Dans la présentation de son budget, le ministère assure que « la lutte contre le piratage des œuvres culturelles sur Internet est la condition nécessaire du report des consommateurs vers l’offre légale de film et de musique, qui permettra de faire des réseaux numériques un circuit de distribution des biens et services culturels à la fois attractif pour le consommateur par la richesse et le prix des catalogues proposés, et juridiquement sûr pour les investisseurs« .

Admettons. Pour que l’Hadopi ne creuse pas le déficit budgétaire de l’Etat, elle devra générer en retour au moins 6,7 millions d’euros de recettes fiscales chaque année par l’augmentation supposée des ventes sur les plateformes légales. Prenons le cas de la musique, qui est aujourd’hui le type d’œuvre le plus piraté. Un MP3 vendu 0,99 euros sur Internet rapporte à l’Etat 16 centimes d’euros de TVA. Pour équilibrer le budget, il faudrait que les Français achètent environ 42 millions de titres par an en plus de ceux qu’ils achètent déjà. Et ce qui suppose aussi qu’ils n’aillent pas les acheter sur iTunes, où la TVA est reversée au Luxembourg. Au premier trimestre 2008, les ventes numériques ont rapporté à l’industrie moins de 7 millions d’euros HT, soit moins de 1,4 millions d’euros de TVA à 19,6 % (en incluant faussement les ventes sur iTunes). Il faudrait que l’Hadopi soit extrêmement performante pour qu’elle arrive à générer suffisamment de ventes pour espérer un retour sur investissement… d’autant que les industriels plaident l’instauration de la TVA à taux réduit.

Rappelons tout de même que l’Espagne, où la justice considère que le P2P est légal, où même les sites de liens P2P sont légaux, que l’industrie elle-même considère comme la championne européenne du piratage de fichiers musicaux… a été montrée en exemple ce mois-ci par le SNEP comme un marché où le disque s’est stabilisé cette année, contrairement à la France où le marché continue de s’écrouler malgré la répression et l’illégalité affirmée du P2P. Cherchez l’erreur.

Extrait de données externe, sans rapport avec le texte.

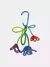 Bag Charm Flores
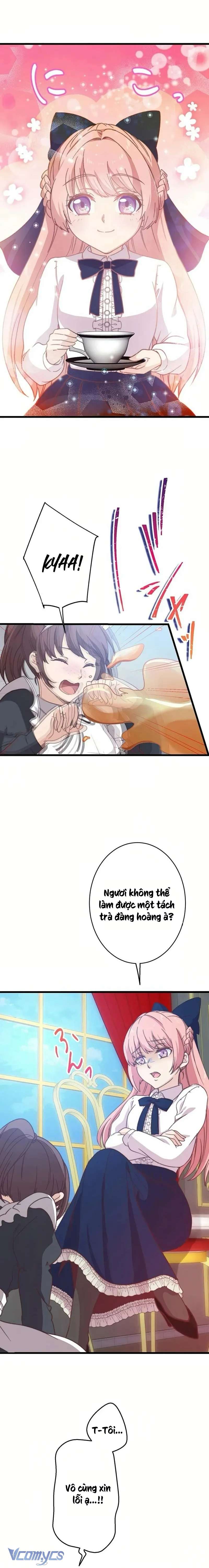 Tiểu thư mệnh yểu làm nũng quản gia lạnh lùng Chap 19 - Trang 2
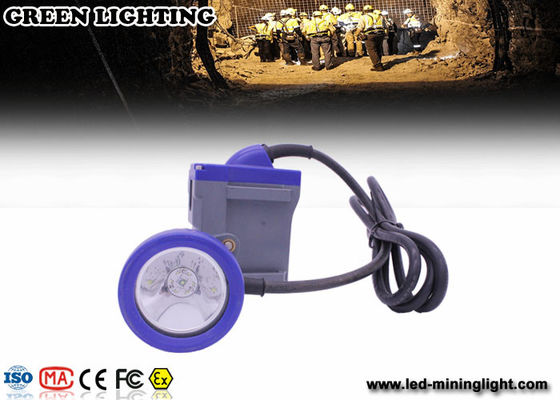 Lentera Lampu Penambang Batubara Brigtness Tinggi, Lampu Depan Led Miner Explosion Proof
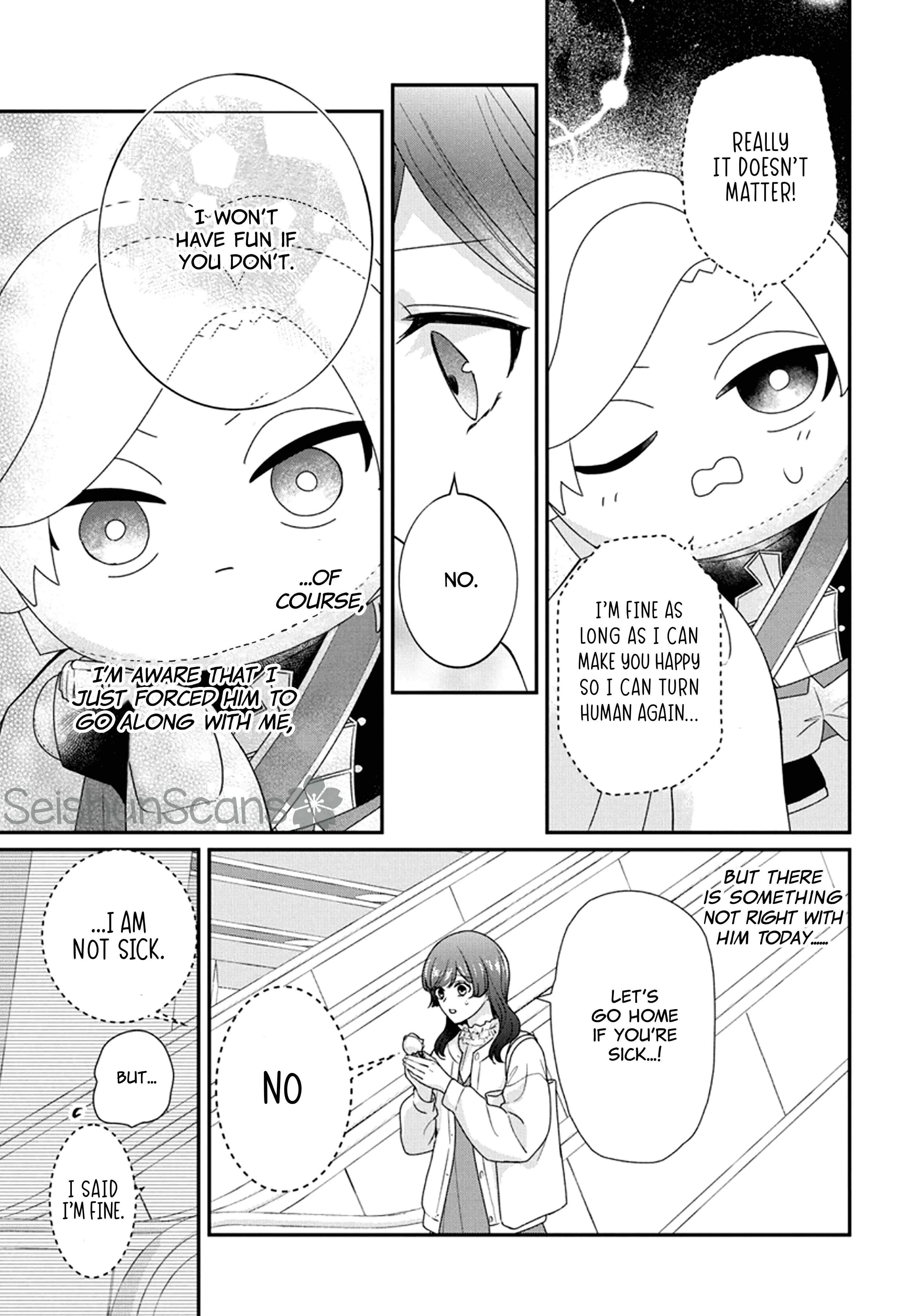 Nui Ni Koishite Ii Desu Ka? - Vol.2 Chapter 4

Donnant la tonalité du discours que tiendra Christine Albanel devant les parlementaires, le ministère explique que l’Hadopi « participera à la lutte contre le piratage par un dispositif à la fois pédagogique et essentiellement préventif, allant de l’avertissement de l’internaute à une éventuelle sanction en cas de multiples réitérations« . Avec le Parlement Européen qui considère que la suspension de l’abonnement à Internet est une mesure contraire aux droits fondamentaux qui nécessite l’intervention d’un juge de l’ordre judiciaire, le ministère met l’accent sur le caractère pédagogique de l’Hadopi. Il essayera, en tout cas, de le faire croire.